▶ [Exercise requirements] Here is the task for the records below: repeat exactly the lines from the one with "3800 Woodridge TRL, Edmond, OK 73034" to the one with "New 2026 Audi Q5 Premium AWD/4WD image 4", both included, and nothing else.

▶ [Exercise inputs]
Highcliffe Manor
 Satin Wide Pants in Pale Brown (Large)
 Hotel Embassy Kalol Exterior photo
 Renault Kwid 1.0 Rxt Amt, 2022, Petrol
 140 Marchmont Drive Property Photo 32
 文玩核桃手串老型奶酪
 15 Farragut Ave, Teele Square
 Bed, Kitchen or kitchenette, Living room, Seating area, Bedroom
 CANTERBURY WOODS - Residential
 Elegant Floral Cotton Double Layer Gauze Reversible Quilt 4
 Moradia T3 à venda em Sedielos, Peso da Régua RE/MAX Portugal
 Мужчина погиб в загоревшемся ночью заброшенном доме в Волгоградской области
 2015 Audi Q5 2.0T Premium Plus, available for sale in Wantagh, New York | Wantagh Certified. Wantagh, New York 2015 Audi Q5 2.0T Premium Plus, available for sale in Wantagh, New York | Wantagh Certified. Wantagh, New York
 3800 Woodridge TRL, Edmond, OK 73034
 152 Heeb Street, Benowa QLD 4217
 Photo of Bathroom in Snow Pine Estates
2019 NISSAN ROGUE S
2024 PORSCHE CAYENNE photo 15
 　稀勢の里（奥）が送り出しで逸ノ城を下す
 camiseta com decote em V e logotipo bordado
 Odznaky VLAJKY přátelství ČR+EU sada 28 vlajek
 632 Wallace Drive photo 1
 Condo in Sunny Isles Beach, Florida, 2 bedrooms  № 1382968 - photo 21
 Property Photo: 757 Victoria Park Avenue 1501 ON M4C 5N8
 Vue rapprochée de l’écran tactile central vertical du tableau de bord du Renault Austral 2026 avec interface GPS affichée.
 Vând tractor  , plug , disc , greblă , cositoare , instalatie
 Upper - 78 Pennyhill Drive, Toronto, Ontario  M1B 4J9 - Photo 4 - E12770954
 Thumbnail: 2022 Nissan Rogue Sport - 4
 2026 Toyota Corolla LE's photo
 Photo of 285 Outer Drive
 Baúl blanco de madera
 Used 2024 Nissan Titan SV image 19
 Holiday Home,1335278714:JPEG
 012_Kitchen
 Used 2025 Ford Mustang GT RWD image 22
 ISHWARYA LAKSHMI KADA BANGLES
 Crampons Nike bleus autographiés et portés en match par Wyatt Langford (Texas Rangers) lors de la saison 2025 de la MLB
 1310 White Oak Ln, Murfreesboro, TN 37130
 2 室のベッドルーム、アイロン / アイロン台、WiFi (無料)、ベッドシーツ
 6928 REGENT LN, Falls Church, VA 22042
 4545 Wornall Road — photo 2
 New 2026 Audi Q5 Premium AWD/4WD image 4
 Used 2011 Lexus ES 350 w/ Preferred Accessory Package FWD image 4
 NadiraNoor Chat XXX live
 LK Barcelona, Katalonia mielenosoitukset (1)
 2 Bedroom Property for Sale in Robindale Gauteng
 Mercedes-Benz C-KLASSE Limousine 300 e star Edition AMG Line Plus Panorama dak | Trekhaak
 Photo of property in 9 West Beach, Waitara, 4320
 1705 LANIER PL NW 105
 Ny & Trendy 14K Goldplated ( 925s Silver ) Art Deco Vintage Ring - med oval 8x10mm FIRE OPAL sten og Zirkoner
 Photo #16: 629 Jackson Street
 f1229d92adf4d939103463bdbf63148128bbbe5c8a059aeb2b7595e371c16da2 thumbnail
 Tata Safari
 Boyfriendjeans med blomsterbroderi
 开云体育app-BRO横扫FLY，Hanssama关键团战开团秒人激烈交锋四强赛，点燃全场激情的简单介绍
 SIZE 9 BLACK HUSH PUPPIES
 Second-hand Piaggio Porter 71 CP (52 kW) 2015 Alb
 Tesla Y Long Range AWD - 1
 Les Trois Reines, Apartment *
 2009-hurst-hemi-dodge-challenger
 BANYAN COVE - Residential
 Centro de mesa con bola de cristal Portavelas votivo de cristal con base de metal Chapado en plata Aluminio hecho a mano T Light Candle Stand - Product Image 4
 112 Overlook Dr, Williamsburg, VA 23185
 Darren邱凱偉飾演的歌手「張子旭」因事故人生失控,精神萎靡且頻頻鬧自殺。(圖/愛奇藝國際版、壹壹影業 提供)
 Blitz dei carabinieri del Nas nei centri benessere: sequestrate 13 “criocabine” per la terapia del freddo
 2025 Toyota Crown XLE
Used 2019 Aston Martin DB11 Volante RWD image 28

▶ [Result of this exercise]
 3800 Woodridge TRL, Edmond, OK 73034
 152 Heeb Street, Benowa QLD 4217
 Photo of Bathroom in Snow Pine Estates
2019 NISSAN ROGUE S
2024 PORSCHE CAYENNE photo 15
 　稀勢の里（奥）が送り出しで逸ノ城を下す
 camiseta com decote em V e logotipo bordado
 Odznaky VLAJKY přátelství ČR+EU sada 28 vlajek
 632 Wallace Drive photo 1
 Condo in Sunny Isles Beach, Florida, 2 bedrooms  № 1382968 - photo 21
 Property Photo: 757 Victoria Park Avenue 1501 ON M4C 5N8
 Vue rapprochée de l’écran tactile central vertical du tableau de bord du Renault Austral 2026 avec interface GPS affichée.
 Vând tractor  , plug , disc , greblă , cositoare , instalatie
 Upper - 78 Pennyhill Drive, Toronto, Ontario  M1B 4J9 - Photo 4 - E12770954
 Thumbnail: 2022 Nissan Rogue Sport - 4
 2026 Toyota Corolla LE's photo
 Photo of 285 Outer Drive
 Baúl blanco de madera
 Used 2024 Nissan Titan SV image 19
 Holiday Home,1335278714:JPEG
 012_Kitchen
 Used 2025 Ford Mustang GT RWD image 22
 ISHWARYA LAKSHMI KADA BANGLES
 Crampons Nike bleus autographiés et portés en match par Wyatt Langford (Texas Rangers) lors de la saison 2025 de la MLB
 1310 White Oak Ln, Murfreesboro, TN 37130
 2 室のベッドルーム、アイロン / アイロン台、WiFi (無料)、ベッドシーツ
 6928 REGENT LN, Falls Church, VA 22042
 4545 Wornall Road — photo 2
 New 2026 Audi Q5 Premium AWD/4WD image 4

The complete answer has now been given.